Ketika ditanya soal sanksi, Acep menyebut pemerintah daerah belum mengambil langkah tegas. Ia mengatakan pemanggilan terhadap para mitra sudah dilakukan, termasuk penyampaian surat edaran terkait pemenuhan izin Satuan Pelayanan Pemenuhan Gizi (SPPG).
“Untuk menjatuhkan sanksi harus melalui kajian terlebih dahulu dan melibatkan banyak dinas. Selain itu aturan dari pusat pun belum sepenuhnya tersosialisasikan. Satgas MBG juga belum bekerja optimal,” jelasnya.

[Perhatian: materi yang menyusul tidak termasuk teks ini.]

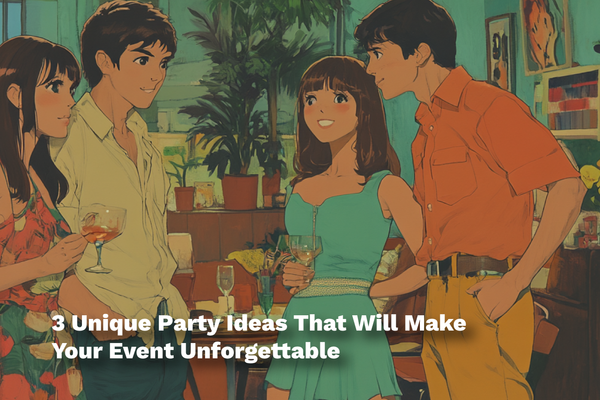 3 Unique Party Ideas That Will Make Your Event Unforgettable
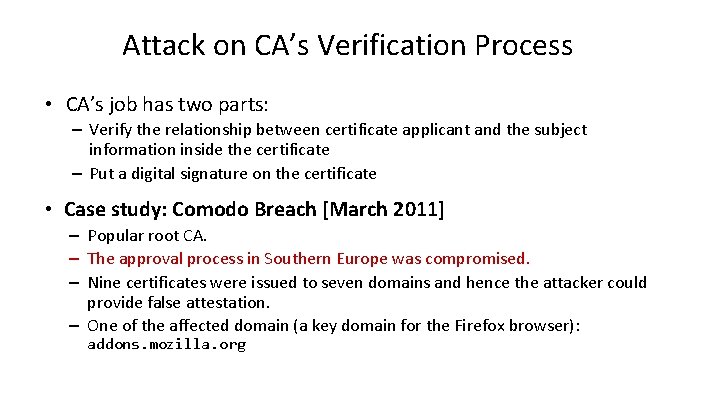 Attack on CA’s Verification Process • CA’s job has two parts: – Verify the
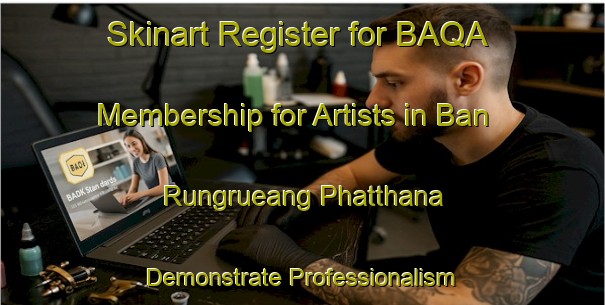 Skinart Register for BAQA Membership for Artists in Ban Rungrueang Phatthana - Demonstrate Professionalism | Body Art Qualification Authority | BAQA-Thailand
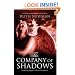 The Company of Shadows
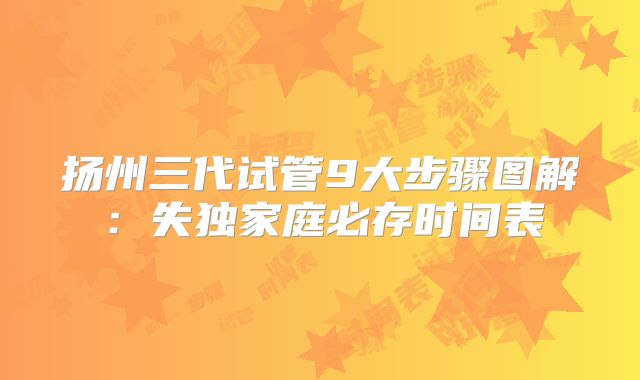扬州三代试管9大步骤图解：失独家庭必存时间表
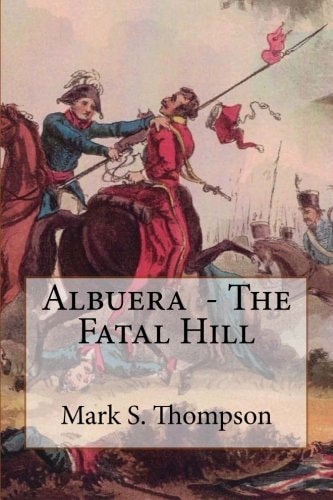 Albuera. The Fatal Hill The Allied Campaign in Southern Spain in 1811 and the Battle of Albuera.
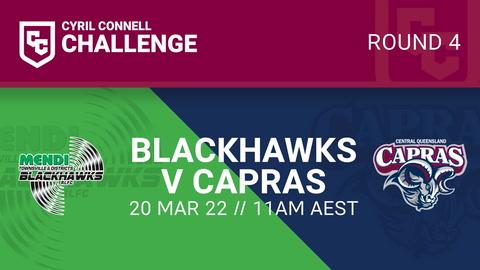 20 March - Cyril Connell Challenge Round 4 - Blackhawks v Capras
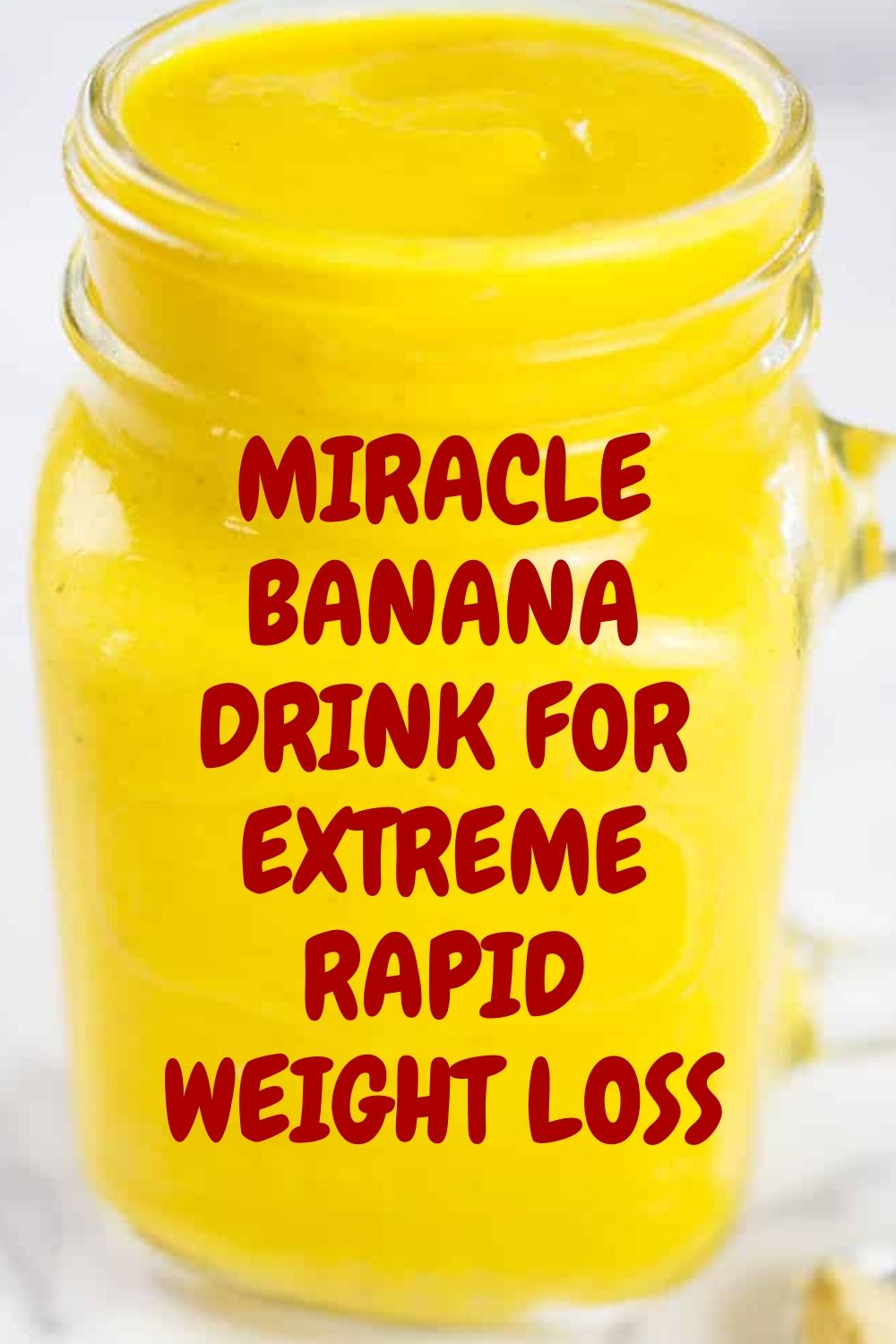Miracle Banana Drink For Extreme Rapid Weight Loss Hello Healthy/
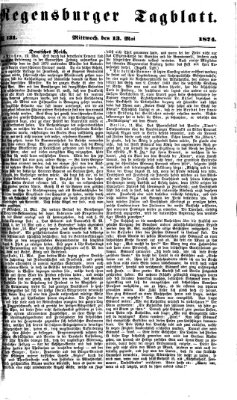 Regensburger Tagblatt Mittwoch 13. Mai 1874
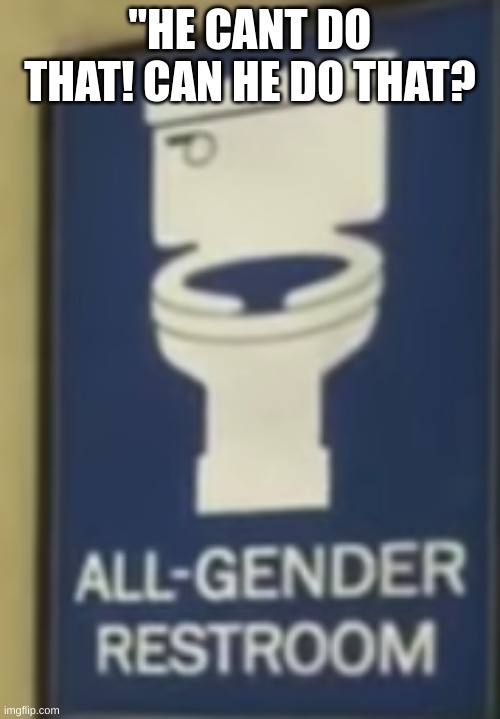 this is stupid and dumb like there's only male or female restrooms | "HE CANT DO THAT! CAN HE DO THAT? | image tagged in wtf | made w/ Imgflip meme maker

Acep menegaskan bahwa sebagai program prioritas nasional, pelaksanaan MBG menuntut kolaborasi aktif dari pemerintah daerah. Ia berharap proses perizinan dapat berjalan paralel dengan operasional agar layanan tidak terhambat.
“Ratusan mitra MBG di Majalengka sudah berjalan. Semoga tidak ada kendala berarti. Instrumen perizinan dan kebutuhan lainnya bisa dipenuhi sambil berjalan. Pemerintah akan hadir untuk melakukan perbaikan,” katanya.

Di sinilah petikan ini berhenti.